Here’s the dental department. Back when I was a student, this was a crumbling building housing a couple of laboratories and lecture halls while the main department was on the other side of the street.


This is the main gate of the college. Back when I was a student the statue didn't exist.




This is the bridge across the Gomti river, behind the college, which I used to cross four times a day back in 1990 to classes and back.


In early 1990, there was a murder down there on the bank on the other side - a man stabbed with iron rods and his head smashed with a rock to prevent identification. I don't know if they ever found the culprit.



TG Hall: this used to be the hostel where I lived in 1989-90. Back then it was a dusty yard surrounded on three sides by a crumbling two storey ancient building with stairs at the corners and a pump in the middle for water. Look at it now.



Nine storeys, and lifts and all.




I think I would like this guy.



I walked the streets for hours. This area, Chowk, once had raw brick buildings and the lanes were packed earth. Now it’s a market of sorts.



There used to be a great little shop at this corner, where we students used to buy excellent sweet milk drinks (lassi). It was an institution. Gone, and replaced by a...shoe store.



This is called the Bada Imamabara, built in the 18th century. Although it’s just behind the college, in all my years in Lucknow I’d only visited it twice before. The big gate is called the Rumi Darwaza.


















Part of it has a maze called the Bhulbhulaiya which legend says is impenetrable without a guide. I went all the way through it and back again in an hour, without a guide of any sort. I detest tourist guide patter anyway.







Look at the way we Indians “respect our ancient culture”:





It’s verboten to wear footwear inside the Imambara – but scribbling on walls is fine.

This is the Martyr's Memorial. I used to come here sometimes on summer evenings to relax.




A godawful tacky “park” allegedly commemorating India’s so-called victory in the 1999 “war” in Kargil (Kashmir):





I can think of better ways of commemoration than those awful figurines.

Here’s a squirrel to make you feel better.



Here is where I learnt German and met a certain young woman who, shall we say, taught me certain things. No, I don’t know where she is now.





This is the downtown of Lucknow, Hazratganj.

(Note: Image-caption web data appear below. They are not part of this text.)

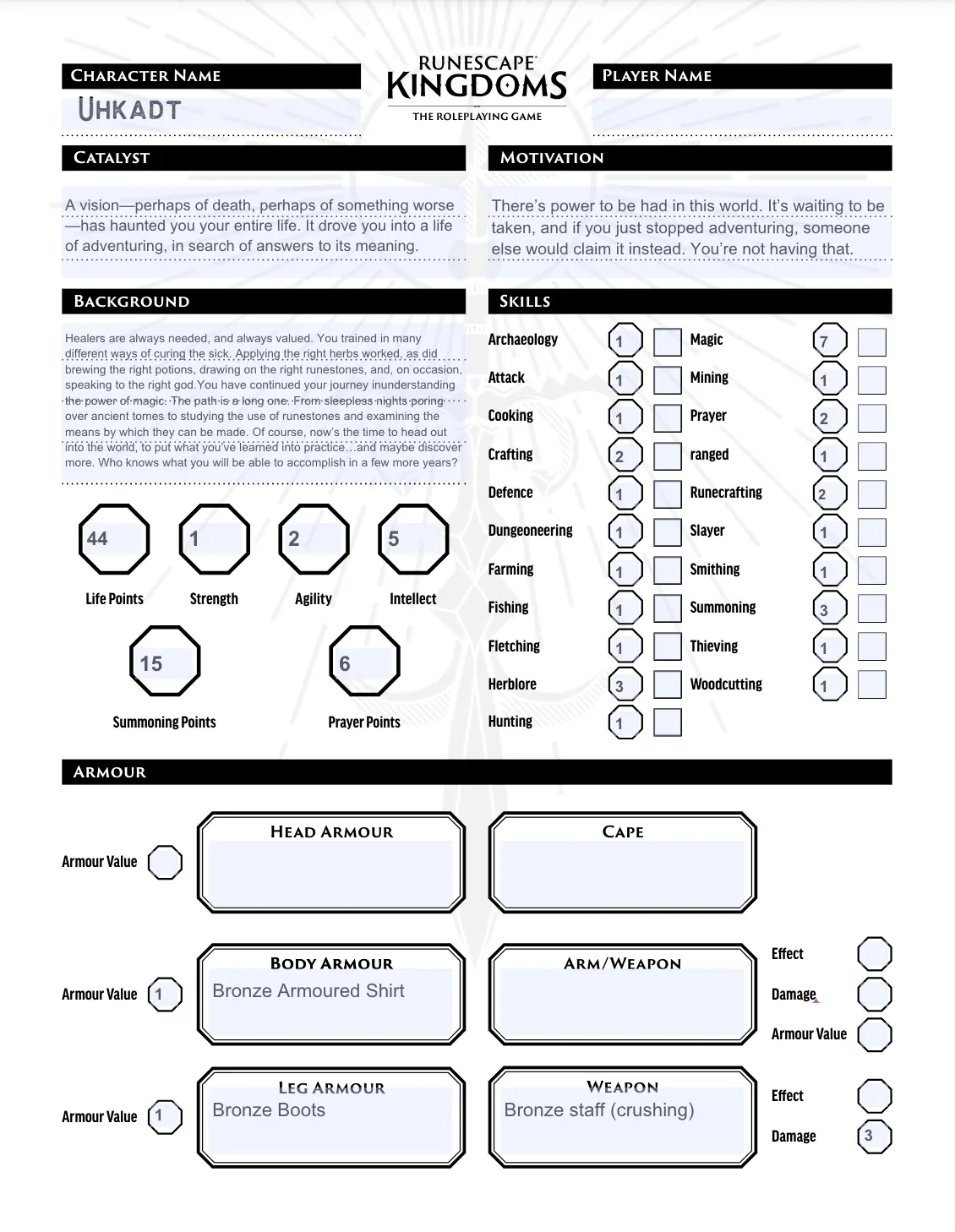 Runescape Kingdoms: Roleplaying Game Character Sheet - Uhkadt - Apprentice Wizard Travelling Healer (Pdf) 1
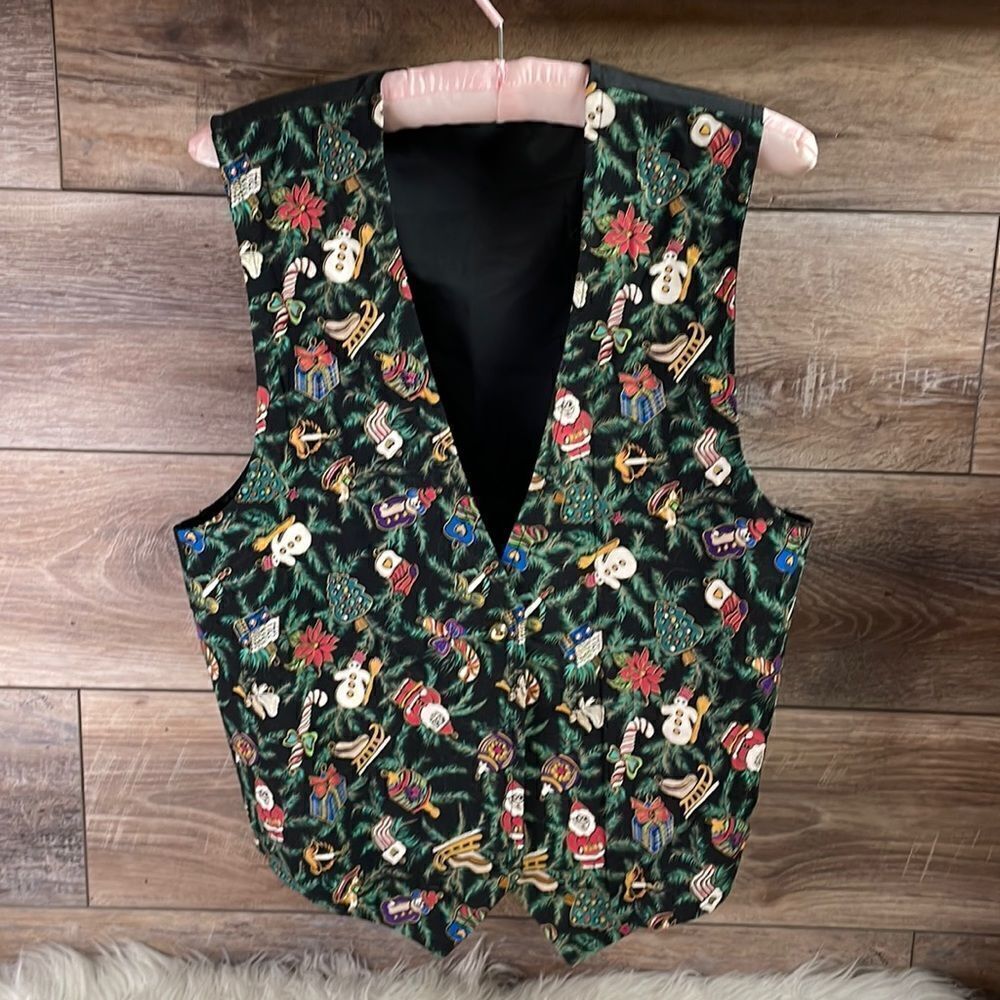 Vintage Holiday Christmas Womens Vest Large Santa & Snowmen Print Vintage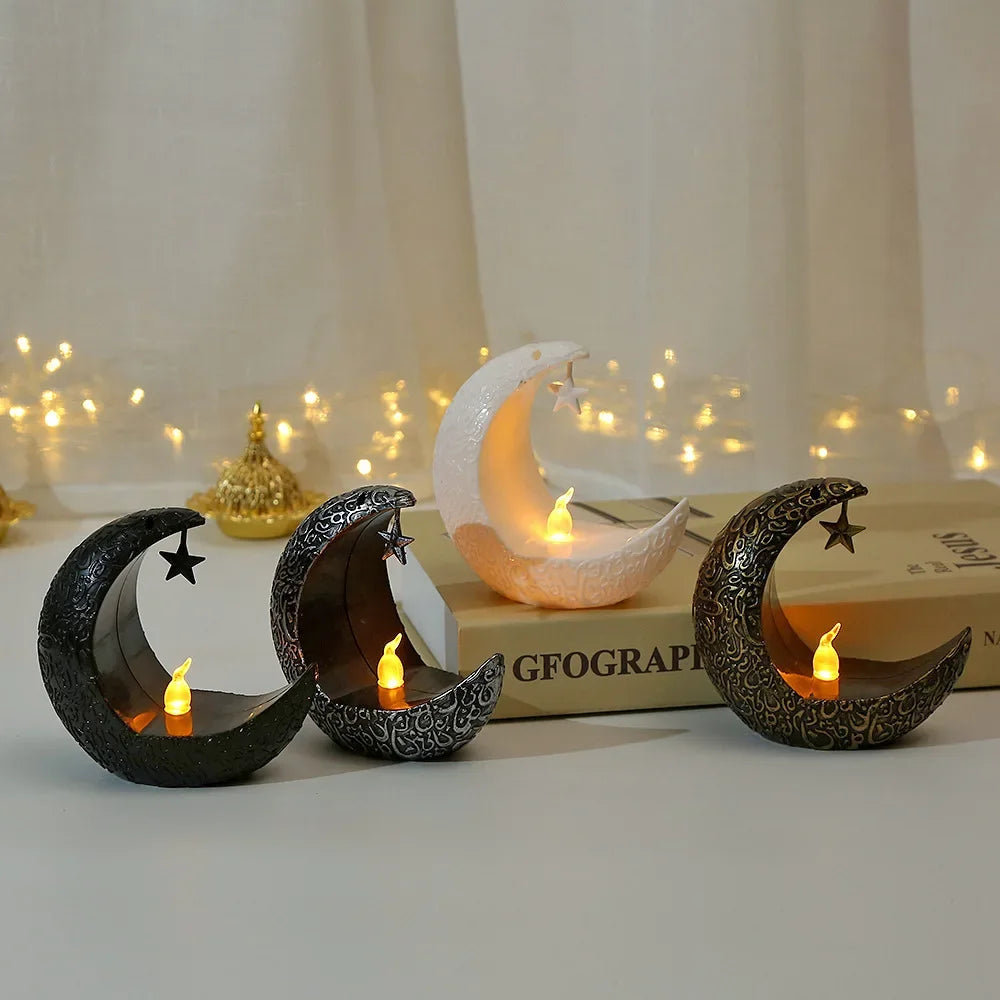 Eid Mubarak Led Candlestick Middle Eastern Festivals Crescent Moon Star Candle Lamp Ramadan Kareem Happy Eid Mubarak Party Decor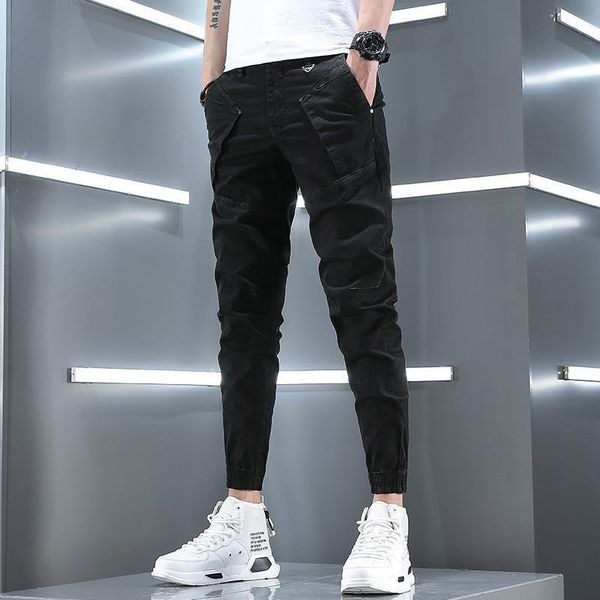 

men's jeans 2021 fall casual pants youth simple slim-fitting ankle-tied long korean fashion exercise feet, Blue
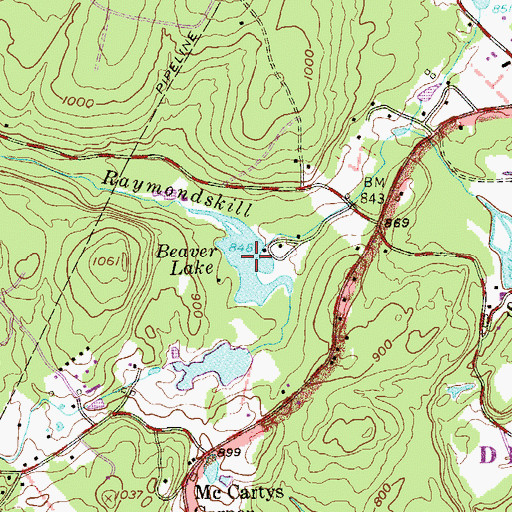 Topographic Map of Beaver Lake, PA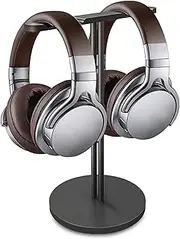 Dual Balance Headphone Stand, Aluminum Double Headset Stand, Gaming Headset Holder with Solid Heavy Base for All Headphone Sizes (Black)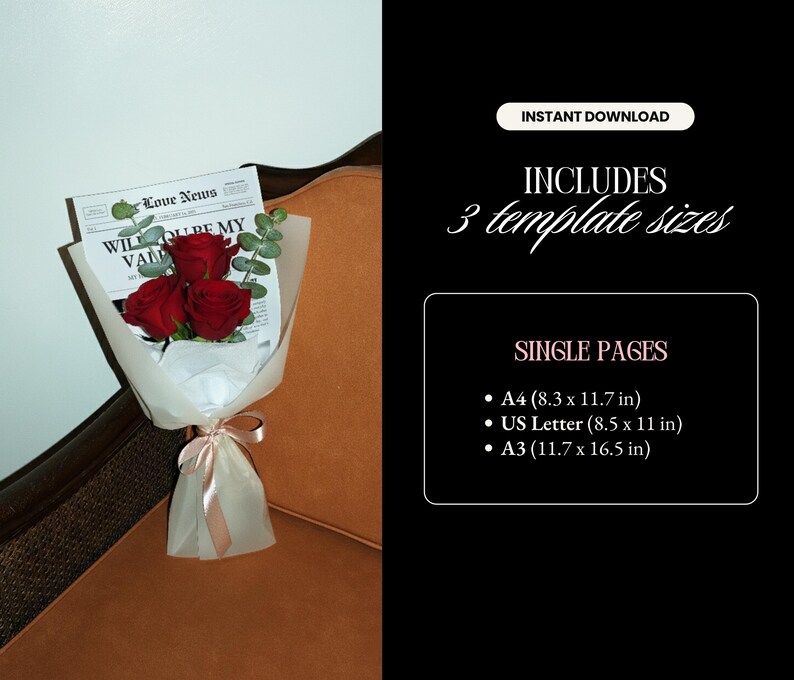 Plantilla de tarjeta de San Valentín con periódico, inserto de flores imprimible, regalo "Sé mi Valentín" para tu novia, plantilla de Canva imagen 5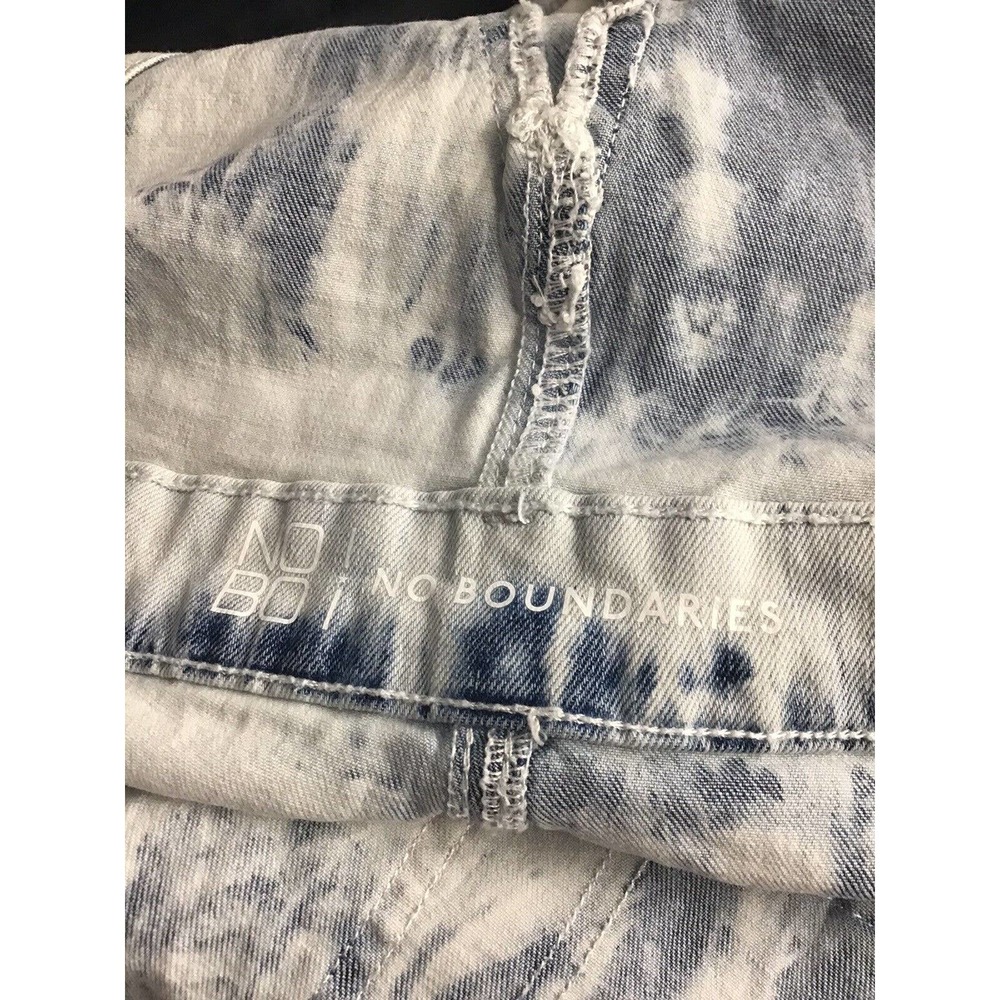 No Boundaries Jean Shortalls Size L(11-13) Blue Denim Juniors Tie Dye Juniors - Picture 6 of 12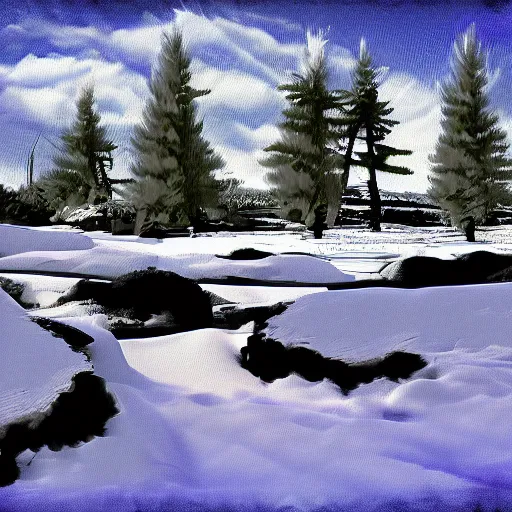 Prompt: Icepunk landscape digital art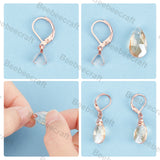 50Pcs 304 Stainless Steel Leverback Earring Findings, with Ice Pick Pinch Bails, Rose Gold, 24mm, Pin: 0.7mm and 0.5mm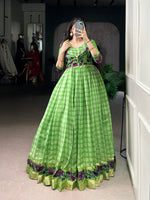 Thumbnail for Lorenvalley Fashion Parotgreen Viscose Chanderi Printed With Zari Weaving Work Gown with Koti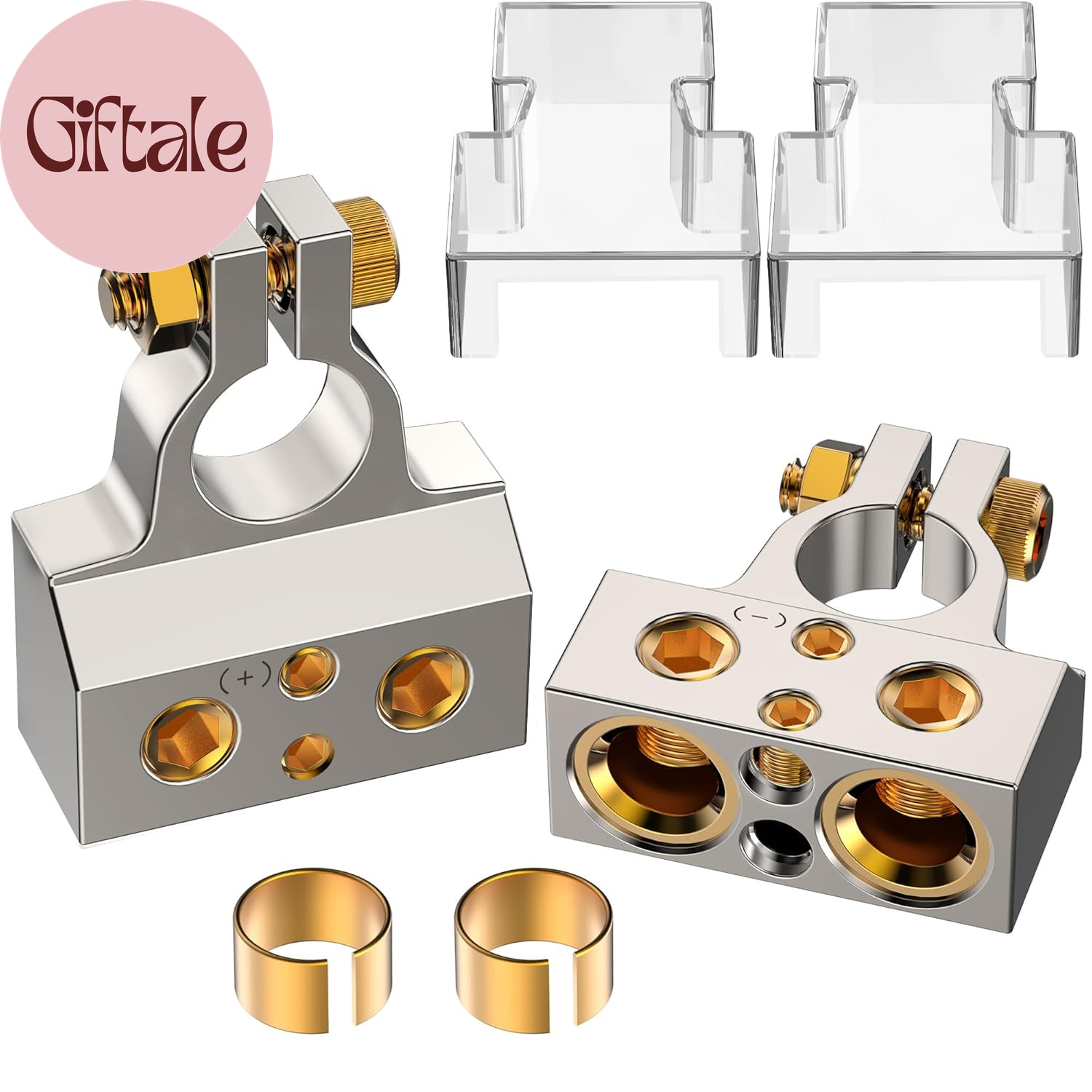 Battery Terminal Connectors, 0/2/4/6/8/10 AWG Battery Terminals, Heavy Duty Car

It used to be a ritual for us back then to wander around here on Saturday evening, an activity known as "Ganjing". The benches weren't there then.




One thing about Lucknow that has emphatically not changed is the horrible traffic. I wouldn't dare drive here.


This is the cathedral. Directly opposite was a movie theatre called Mayfair which was the only one in Lucknow which regularly screened English movies. Gone.


This part of Hazratganj is called Janpath. 





Near here, in 1990, on the left of the picture, was a signboard for an electronics shop advertising “Video and Nudio.”



There used to be a wonderful book store called Hobby Corner here, right next to this henna booth, where you could find out-of-print books at farcically low prices; I bought HR Trevor Roper’s The Last Days Of Hitler there for just twenty rupees, among others. Gone.





These fountains didn’t exist back then, though. Not all change is bad.




Sunrise over Lucknow as I left at dawn the next day.




Overall, it was a distinctly mixed experience. If it were not for a couple of old friends I met and who made me feel welcome, I probably wouldn’t have wanted to go back again.